Dr. Pachori: Sometimes, many people work on physiological aspects, like recording brain signals and heart signals, just for studying emotions, psychological behavior, mood and stress. In these situations, ethical aspects are not very strong. But when you want to use BCI for clinical aspects, universities like IITs etc have ethical committees who go through the proposal and decide on whether to allow you to go ahead with the application. In clinical BCI like studying Focal Epilepsy, people are connected to BCI machines, so that with the help of computers, we can assess the effect of medicines etc. It is essential to take permission from ethical committees before conducting research or experiments involving operations and surgical procedures, especially on humans. When we do research on BCI, we take the help of hospitals and doctors guide us accordingly.
DoJMA: Which of your upcoming projects do you look forward to the most?
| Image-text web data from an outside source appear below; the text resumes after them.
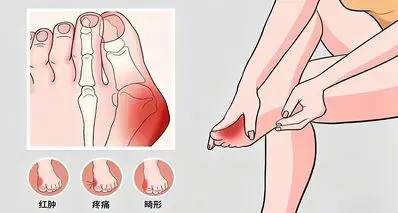 你的脚正常吗？五种常见的足部变形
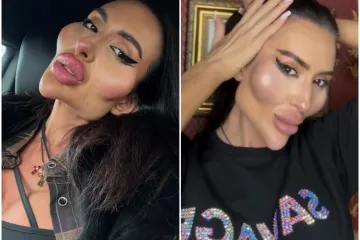 Žena s najvećim obrazima u dugotrajnom je procesu otapanja filera: Promjene su već vidljive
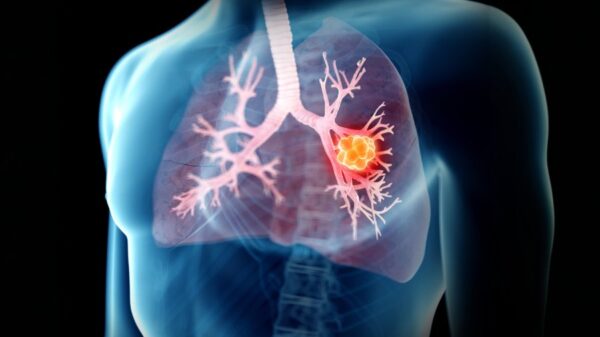 University of Bath spinout tests real-time lung biopsy device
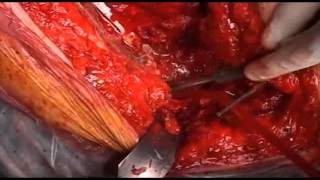 Ver vídeo: Cirugía de rescate acetabular con defectos óseos graves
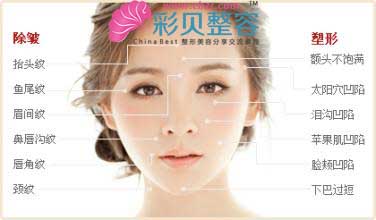 自体脂肪面部填充功能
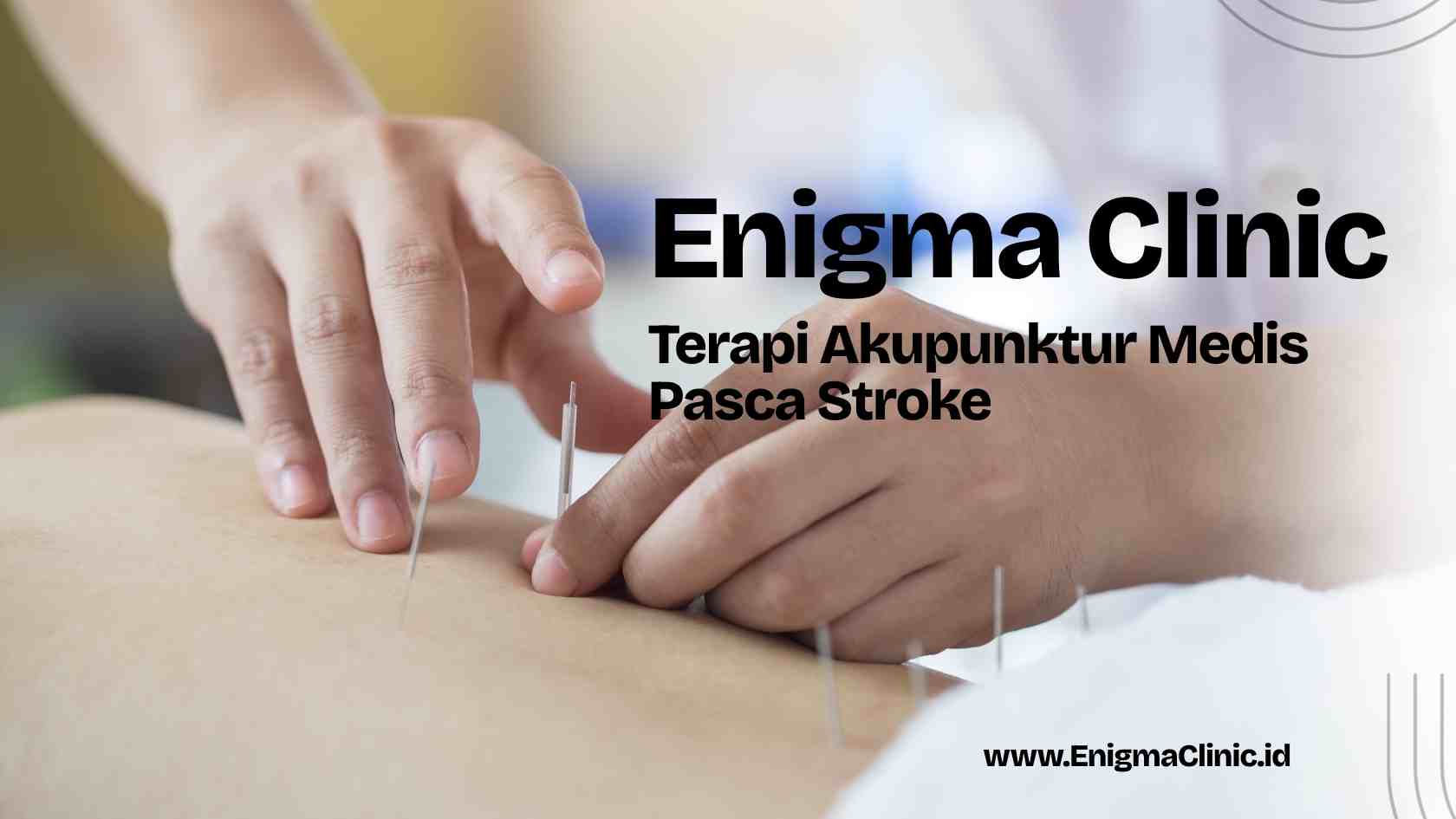 Enigma Clinic - Terapi Akupunktur Medis Pasca Stroke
Dr. Pachori: We are planning a project which can help people learn Vedas and the holy scriptures. In the past, there were dedicated ashrams that taught people the Vedas. But today, this facility is not very accessible. We are planning to make a robotic system: even a cell phone could work for this purpose. We would record mantras from scholars or gurus, who know the correct enunciation, as enunciation of mantras are very important. Now, the people who want to learn these mantras, and essentially the correct pitch, pronunciation etc, would chant the mantra to the robotic system which, using machine learning algorithms, would suggest to the learner where they need to change their pitch or pronunciation, by comparing what the learner spoke and the stored recording of the guru. One of my B.Tech students is currently working on this project. Another one of my upcoming projects is studying the effect on the brain due to chanting mantras. We have observed that chanting mantras can change the brain waves and this project aims to scientifically (using signal processing and resonance) prove the fact that chanting mantras can reduce stress. There are various rhythms in brain wave signals. We would try to find out which rhythm is dominant while chanting mantras. We are also working on signal processing techniques and applications in biological sciences and biotechnology, such as detecting brain disorders, heart attacks, etc, in advance. So, treatment can be done before the condition becomes serious and life threatening. We are also developing image processing algorithms to detect glaucoma in advance. Once detected, it can be controlled and treated correctly. Another application we are working on is detecting epilepsy. For example, suppose someone is driving a car and gets an epilepsy attack. Using brain signals, signal processing and some algorithms, we can beforehand inform the person of a suspected epilepsy attack. This happens because the amplitude of brain signals would become very high in such a situation. Hence, such an attack can be predicted five minutes before onset and the time can be used to take the person to a hospital or give them medicines.